• **EXERCISE BRIEF**: Omitting the pictures, print every line below exactly as it stands.

• **DATA EXTRACT**:
===============

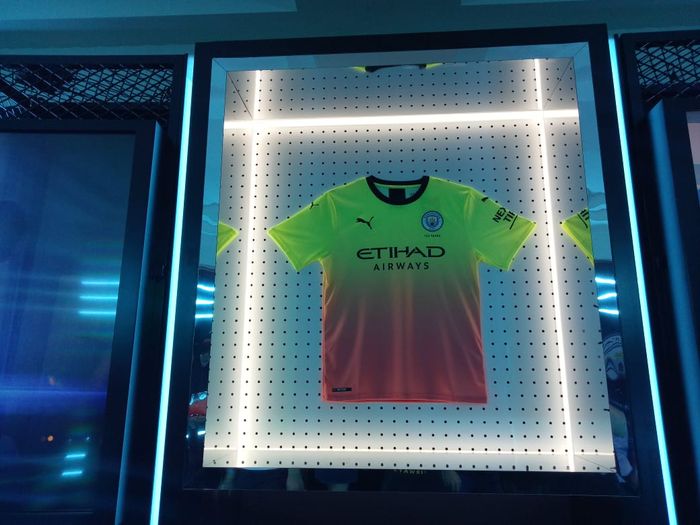 Acara perkenalan kostum anyar Manchester City berlangsung di Peninsula Hotel, Shanghai, Minggu (14/7/2019).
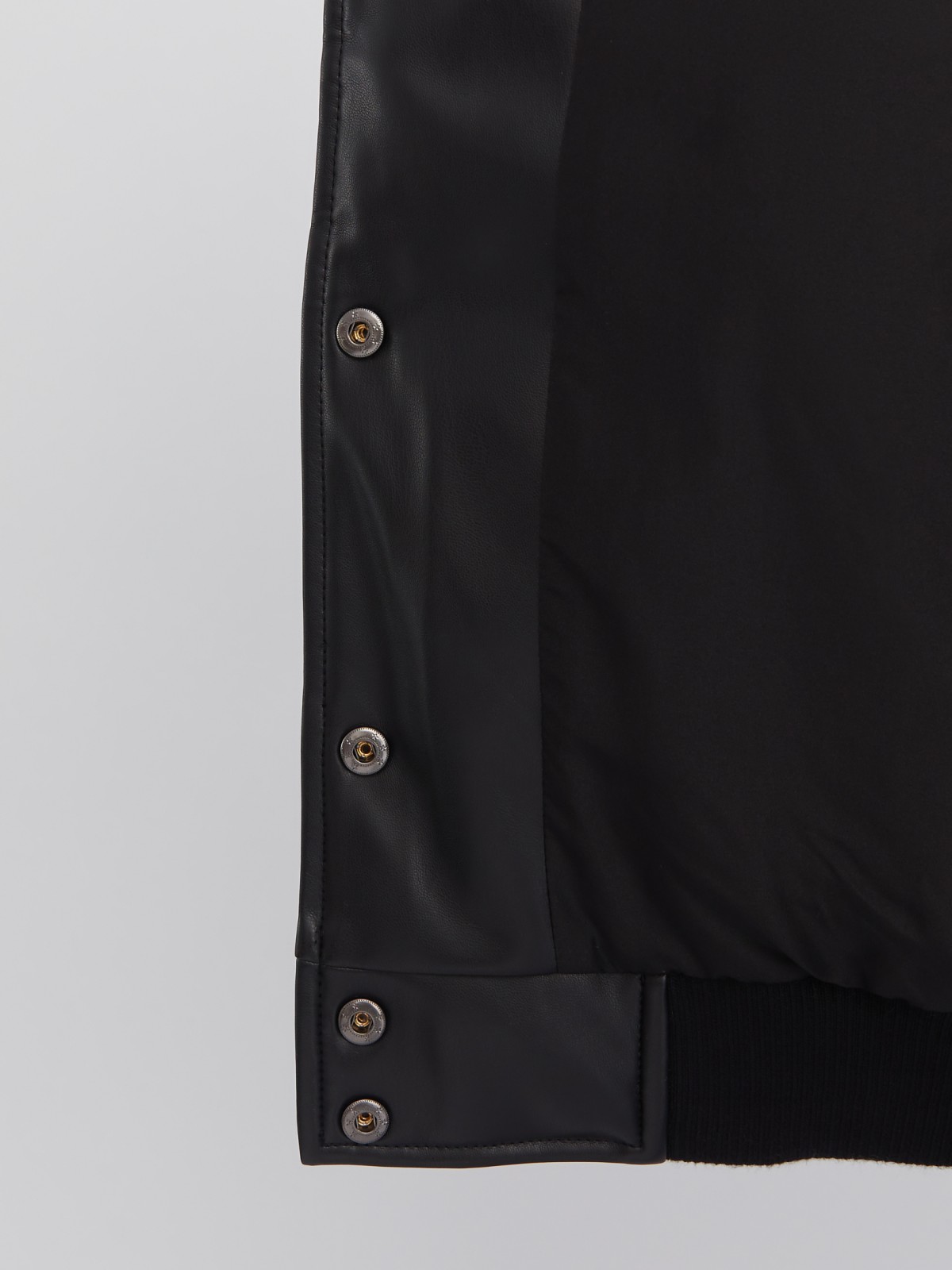 Тёплая куртка-бомбер из экокожи с воротником-стойкой и съёмным трикотажным капюшоном zolla 02334510L194, цвет черный, размер XS - фото 5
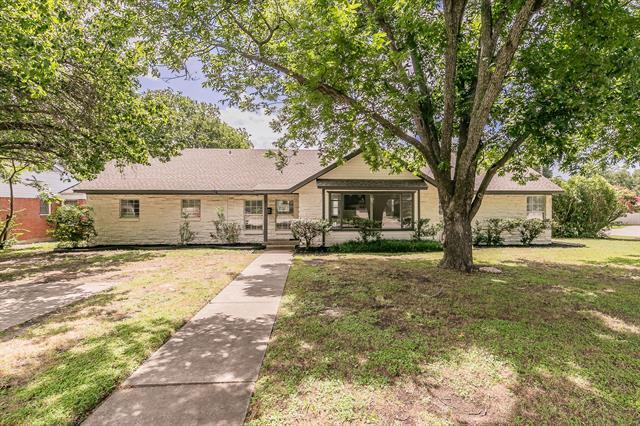 3909 Trail Lake Dr in Fort Worth, TX - Building Photo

===============

• **OUTPUT BELOW**:
 Acara perkenalan kostum anyar Manchester City berlangsung di Peninsula Hotel, Shanghai, Minggu (14/7/2019).
 Тёплая куртка-бомбер из экокожи с воротником-стойкой и съёмным трикотажным капюшоном zolla 02334510L194, цвет черный, размер XS - фото 5
 3909 Trail Lake Dr in Fort Worth, TX - Building Photo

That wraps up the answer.